Jeff Smith MP commented, “I strongly advise Ministers and others to go back and look at some of the evidence recently given to the Health and Social Care Committee by Professor Mike Barnes, who is a noted expert on this subject. He has produced a study on the evidence for the efficacy of cannabis for a variety of medical uses. There is plenty of evidence around the world for the efficacy of cannabis for medical use.Professor Barnes said that we need to take a range of other evidence into account, including anecdotal evidence. When there are tens of thousands of anecdotes that build an evidence base, there is substantial anecdotal evidence for the efficacy of cannabis for medical approaches around the world.”
Crispin Blunt MP added, “In 2016, the all-party parliamentary group commissioned a report from Professor Mike Barnes – we have already heard about his research in this debate – to identify which conditions medicines derived from cannabis had been established to a medical standard to help treat.”

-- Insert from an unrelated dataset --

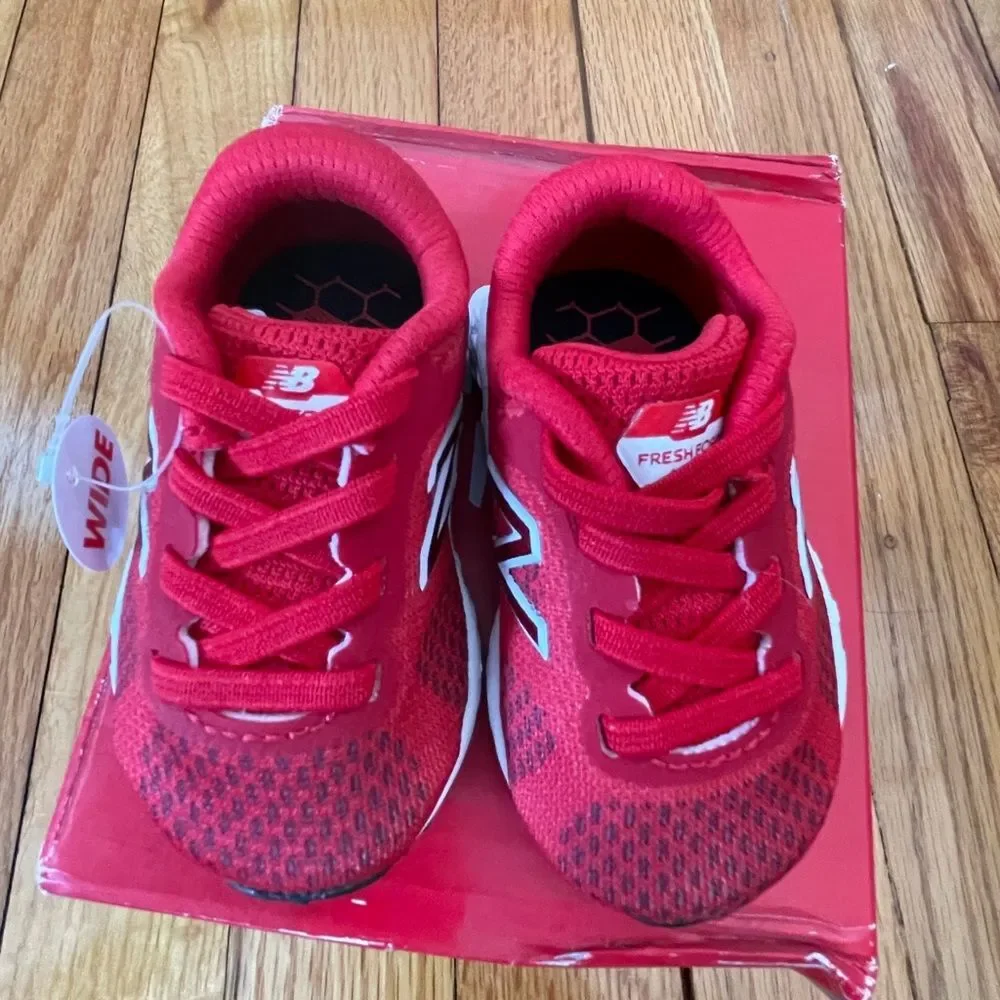 New balance sneakers new in box size infant 2 wide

Andy McDonald MP said, referring to Professor Barnes, “It is funny how our paths have been intertwined. When I was a lawyer representing the victims of serious injuries—particularly brain injuries—and their families, Professor Mike Barnes was a terrific fount of knowledge and expertise. It comes as no surprise to me that he has decided to devote his entire career to this critical issue, and no finer advocate or expert could we have in this cause.”
Within the direct experience and knowledge base of clinicians like Professor Barnes, is a practical evidence base to support the use of medical cannabis in therapies for a number of conditions. Globally, patients have been treated with cannabis for decades, and there is a clear impetus and responsibility for UK clinicians to understand these medicines.
The Academy unequivocally supports Professor Barnes’ message. By educating themselves as to the breadth of all evidence available, doctors should be able to consider the issue beyond the restrictive demands of RCT-based evidence.
Beyond the invaluable contributions of Professor Barnes, the Academy actively collaborates with numerous clinicians with outlying degrees of experience in successfully treating patients with medical cannabis. Our learning content therefore represents a research, evidence and clinical practice-based education for doctors.